Q: The head of a company called Mahindra & Mahindra was telling us that when they advertised tractors abroad in the USA, people asked why should we want to buy tractors made in India because we have got the big farms and the big tractors. But he said, they are smart tractors, they come from the country where the people are smart!

Kotler: That is a very good branding idea because Indian people are well educated and very smart and everyone knows that.

Bala: You can also embed a smart-chip if you want to have a customised kind of a product - that and this particular seat can be adjusted to whoever is sitting on the tractor, whether he is a lefthander or a right-hander - all those things can be programmed in. So, it is not only a tractor, it is embedded manufacturing. I think you are right, we should market smartness, put the 'smart' word upfront - just like Swiss cheese or German engineering, let us say 'Smart India'.

Bhat: In fact, Dr Kotler there is one idea which actually Kishore (Biyani) was talking about, that there are a lot of home grown brand categories in India, which is in a way is embedded in the minds of Indian consumers ? like Lucknowi kurtas

Biyani: It is embedded from the point of origin. They are big brands in India and all women identify with that kind of brand.

Q: Is that an opportunity that you think people are missing out?
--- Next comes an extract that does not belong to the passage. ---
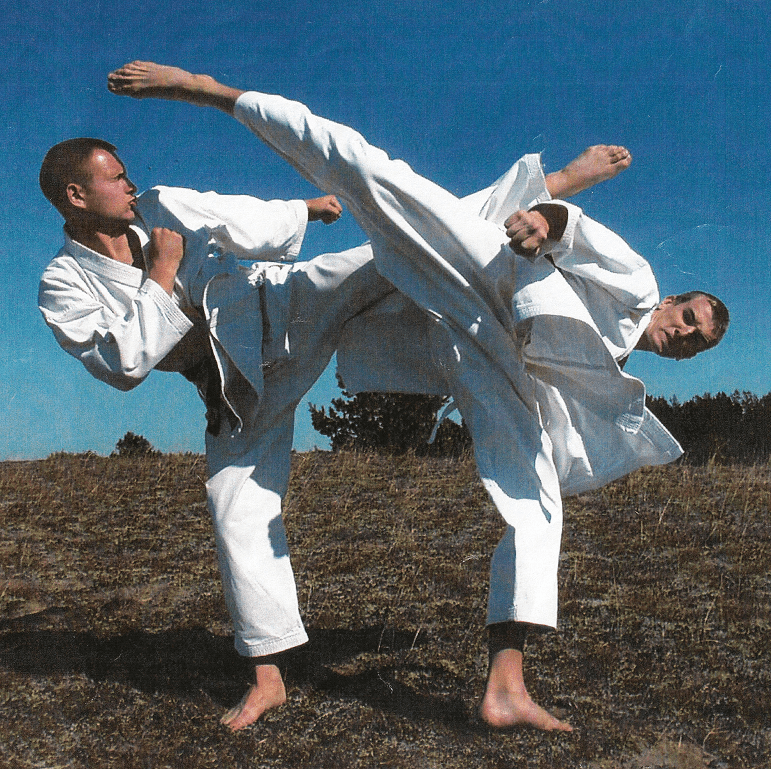 „Vasakul MATTHIAS JAAKSOO Põhjamaade meister kumites ja TANEL PÄRSS Euroopa hõbe kumites“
Kotler: Some people say it's so expensive to brand because you are have to buy mass advertising, which is expensive. But many products make it without any of that because the word-of-mouth travels when it's really something new and something good, and so you can create a little buzz and all that. Don't worry in trying to build strong awareness of what you have got at too great a cost, because it can be done at lower cost as well.